Drop the pictures; give again exactly the lines from the one holding "99 Delightful Birds" through the end of the data.

_DATA_
= Beginning of Section =

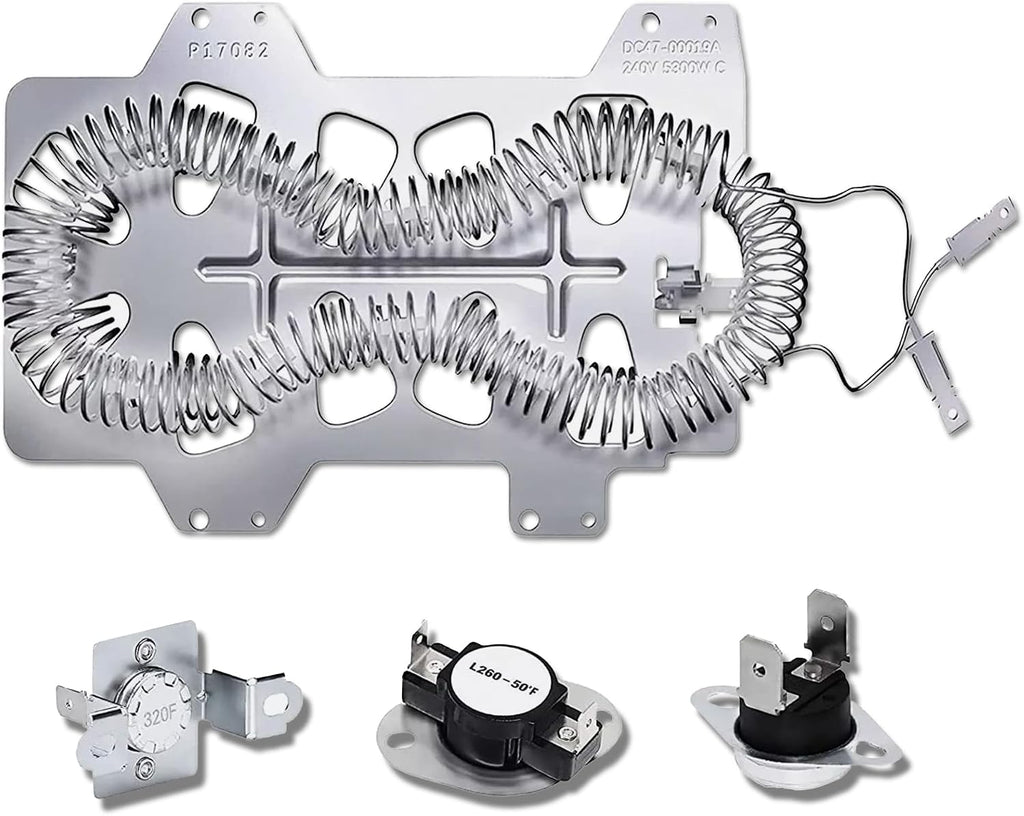 Dryer Heating Element Kit Replacement for Samsung DV448AEW/XAA-03, DV5471AEW/XAA-00, DV5471AEW/XAA-02, DV5471AEW/XAA-04, DV431AEP/XAA-01, DV203AEW/XAA-00, DV350AEP/XAA-00 models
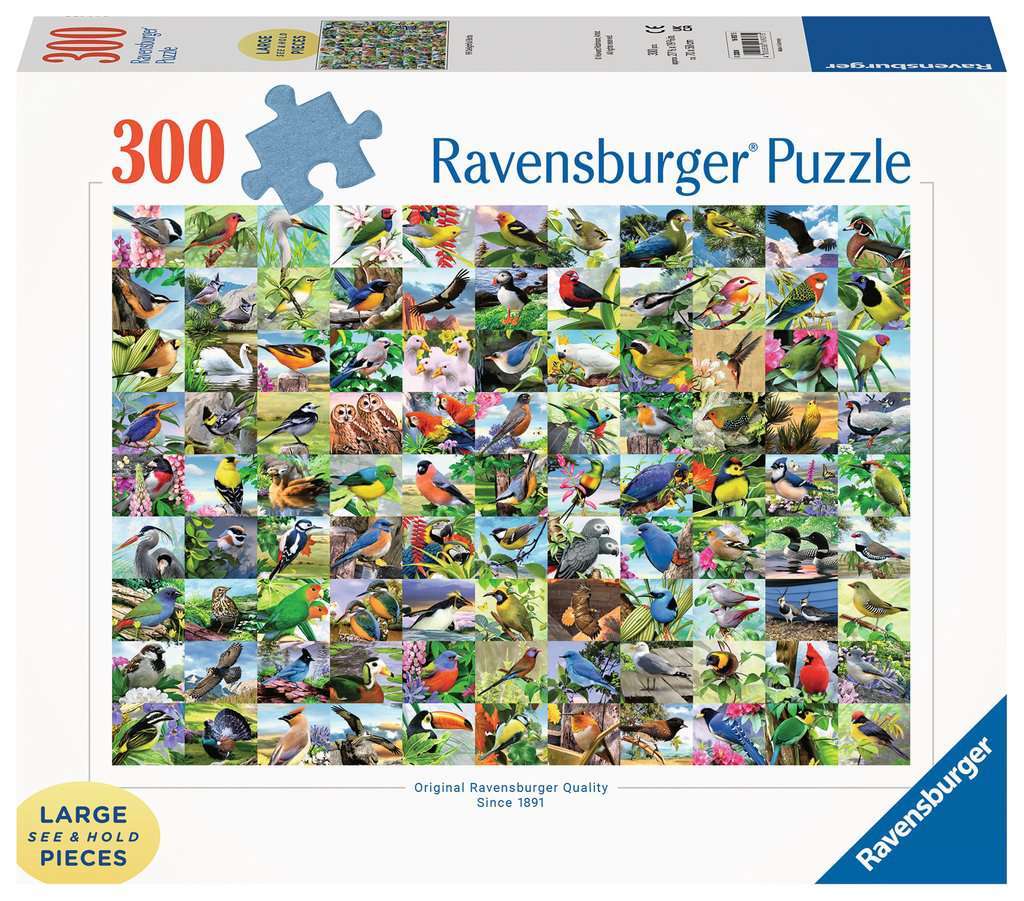 99 Delightful Birds 300 Piece Large Format Puzzle    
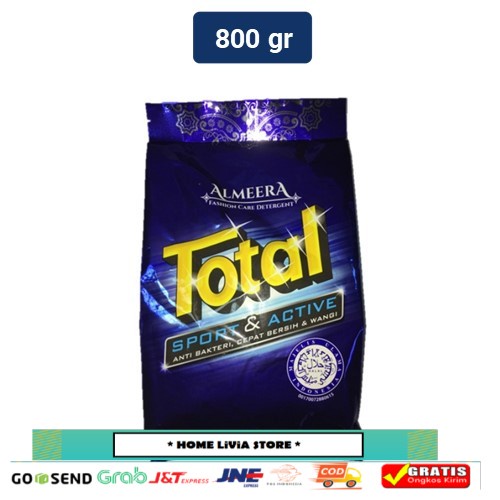 Total Almeera Deterjen Bubuk Halal Sport & Active Powder 800 gr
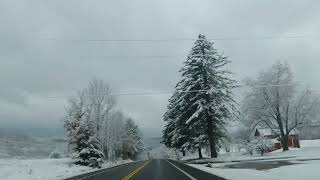 Snowy Winter drive from Walton NY to Masonville NY [upl. by Zednanreh]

= End of Section =

_PROBLEM SOLUTION_
 99 Delightful Birds 300 Piece Large Format Puzzle    
 Total Almeera Deterjen Bubuk Halal Sport & Active Powder 800 gr
 Snowy Winter drive from Walton NY to Masonville NY [upl. by Zednanreh]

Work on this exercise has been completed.